## Work instructions
In the records that follow, find the line with "24x36 Inch Giclee"; from there, retype every line exactly through the line with "Kazakh flag painted", which also belongs to the answer.

Records for the exercise Start Marker

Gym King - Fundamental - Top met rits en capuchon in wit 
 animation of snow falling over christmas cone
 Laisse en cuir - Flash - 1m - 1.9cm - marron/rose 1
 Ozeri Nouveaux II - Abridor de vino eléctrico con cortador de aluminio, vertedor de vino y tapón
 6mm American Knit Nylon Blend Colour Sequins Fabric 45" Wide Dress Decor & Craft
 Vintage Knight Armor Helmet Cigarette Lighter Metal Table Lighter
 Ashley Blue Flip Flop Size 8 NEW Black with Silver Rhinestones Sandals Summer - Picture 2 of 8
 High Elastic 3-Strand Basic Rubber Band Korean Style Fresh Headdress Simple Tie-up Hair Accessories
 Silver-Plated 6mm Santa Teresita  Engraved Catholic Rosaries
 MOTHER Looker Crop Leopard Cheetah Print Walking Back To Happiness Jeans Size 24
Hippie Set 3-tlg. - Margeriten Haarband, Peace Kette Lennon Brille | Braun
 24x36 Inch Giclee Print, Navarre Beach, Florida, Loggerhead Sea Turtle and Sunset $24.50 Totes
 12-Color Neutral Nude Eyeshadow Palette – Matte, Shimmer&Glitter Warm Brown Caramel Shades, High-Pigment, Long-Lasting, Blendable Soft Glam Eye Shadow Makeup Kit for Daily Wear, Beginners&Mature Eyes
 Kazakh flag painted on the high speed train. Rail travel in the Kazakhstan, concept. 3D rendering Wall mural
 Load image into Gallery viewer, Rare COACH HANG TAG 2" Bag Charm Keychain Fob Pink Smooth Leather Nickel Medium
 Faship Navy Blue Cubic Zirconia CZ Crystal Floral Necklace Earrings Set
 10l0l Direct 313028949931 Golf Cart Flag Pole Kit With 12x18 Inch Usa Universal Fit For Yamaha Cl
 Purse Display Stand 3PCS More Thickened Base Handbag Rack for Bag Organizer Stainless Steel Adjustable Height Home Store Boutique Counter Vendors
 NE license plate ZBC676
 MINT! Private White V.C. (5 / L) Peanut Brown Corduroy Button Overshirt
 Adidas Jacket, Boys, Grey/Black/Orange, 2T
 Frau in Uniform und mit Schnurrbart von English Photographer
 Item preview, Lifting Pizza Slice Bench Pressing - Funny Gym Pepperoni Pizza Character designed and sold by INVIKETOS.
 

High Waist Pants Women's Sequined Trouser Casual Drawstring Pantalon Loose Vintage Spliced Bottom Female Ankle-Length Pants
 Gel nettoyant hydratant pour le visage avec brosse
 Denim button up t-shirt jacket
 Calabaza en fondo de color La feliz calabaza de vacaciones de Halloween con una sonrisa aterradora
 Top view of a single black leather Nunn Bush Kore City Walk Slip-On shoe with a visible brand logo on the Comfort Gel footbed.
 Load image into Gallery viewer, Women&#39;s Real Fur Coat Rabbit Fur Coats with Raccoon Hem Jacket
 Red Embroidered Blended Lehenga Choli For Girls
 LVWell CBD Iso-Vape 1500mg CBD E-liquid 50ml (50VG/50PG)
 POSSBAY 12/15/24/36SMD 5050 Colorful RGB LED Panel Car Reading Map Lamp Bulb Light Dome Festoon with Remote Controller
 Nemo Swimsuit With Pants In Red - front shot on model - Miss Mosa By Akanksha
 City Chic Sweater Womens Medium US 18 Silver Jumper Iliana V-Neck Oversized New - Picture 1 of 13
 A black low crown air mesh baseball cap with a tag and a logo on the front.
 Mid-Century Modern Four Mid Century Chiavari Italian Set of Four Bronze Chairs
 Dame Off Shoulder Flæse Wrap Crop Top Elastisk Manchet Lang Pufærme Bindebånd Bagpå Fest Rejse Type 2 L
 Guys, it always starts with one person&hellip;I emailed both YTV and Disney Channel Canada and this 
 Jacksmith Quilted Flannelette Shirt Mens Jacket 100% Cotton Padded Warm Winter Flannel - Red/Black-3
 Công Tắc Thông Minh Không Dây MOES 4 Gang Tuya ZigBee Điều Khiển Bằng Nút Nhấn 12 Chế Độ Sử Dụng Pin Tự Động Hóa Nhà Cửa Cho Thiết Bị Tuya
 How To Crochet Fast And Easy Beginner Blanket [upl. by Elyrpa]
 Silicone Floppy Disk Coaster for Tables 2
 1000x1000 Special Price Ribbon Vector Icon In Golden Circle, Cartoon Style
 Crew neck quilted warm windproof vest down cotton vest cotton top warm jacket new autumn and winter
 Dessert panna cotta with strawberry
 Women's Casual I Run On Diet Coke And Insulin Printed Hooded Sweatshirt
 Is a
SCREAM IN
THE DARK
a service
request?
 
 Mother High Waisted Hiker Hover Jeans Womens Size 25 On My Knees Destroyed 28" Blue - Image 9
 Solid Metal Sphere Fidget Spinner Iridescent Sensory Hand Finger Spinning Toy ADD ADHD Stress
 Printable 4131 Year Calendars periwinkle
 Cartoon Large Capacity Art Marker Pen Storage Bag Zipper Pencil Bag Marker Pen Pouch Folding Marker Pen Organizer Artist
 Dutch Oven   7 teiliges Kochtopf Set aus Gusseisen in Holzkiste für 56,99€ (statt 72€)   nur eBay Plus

Records for the exercise End Marker

## Exercise answer
 24x36 Inch Giclee Print, Navarre Beach, Florida, Loggerhead Sea Turtle and Sunset $24.50 Totes
 12-Color Neutral Nude Eyeshadow Palette – Matte, Shimmer&Glitter Warm Brown Caramel Shades, High-Pigment, Long-Lasting, Blendable Soft Glam Eye Shadow Makeup Kit for Daily Wear, Beginners&Mature Eyes
 Kazakh flag painted on the high speed train. Rail travel in the Kazakhstan, concept. 3D rendering Wall mural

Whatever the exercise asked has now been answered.